Optimize NEON encoding for high dynamic range blocks
We can improve the encoding performance on Apple silicon configurations with the following enhancements
- Replace the switch with a for loop
- Invert qlp_factors & remove else conditions as branches not taken are returned out
13% - 17% improvement depending on compiler, configuration and .wav
Clang 16 or GCC 13 necessary
| Platform | MBP18,2 | Mac14,12 | AMD Ryzen 9 7900X x 24 |
|---|---|---|---|
| Compiler | GCC 13 ---- Clang 16 | GCC 13 ---- Clang 16 | GNU 13.2.1 |
| Original | 6.554 ---- 6.176 | 5.725 ---- 5.377 | 5.018 |
| Optimized | 5.642 ---- 5.131 | 4.803 ---- 4.672 | 5 |
| Overall | 14% ---- 17% | 16% ---- 13% | 0 |
What kind of audio did you use to get these numbers?
Perhaps somewhat rude, but I am currently not inclined to accept this PR. This change is not covered by fuzzing, provides a modest improvement for a very niche use.
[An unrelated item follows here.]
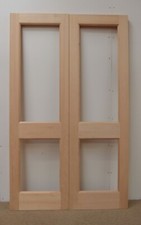French Door Pair External Timber Wooden Hemlock 2XGG Rebated Unglazed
So, I feel like the maintenance burden of this addition is not proportional to the gains.
Hi @ktmf01
The optimization is designed to improve high bit rate audio. The test WAVs are detailed below. It's all stereo, 24bps, music files across many genres.
This table was against macOS 14.4 + 16 inch MBP M2.
| Duration | Sample rate | Base time (s) | Optimized time (s) | Improvement (x times) | |
|---|---|---|---|---|---|
| Sample 1 | 08:47 | 44.1 | 1.843 | 1.685 | 1.09 |
| Sample 2 | 22:35 | 48 | 4.856 | 4.376 | 1.11 |
| Sample 3 | 15:36 | 88.2 | 8.28 | 6.537 | 1.27 |
This change is not covered by fuzzing, provides a modest improvement for a very niche use.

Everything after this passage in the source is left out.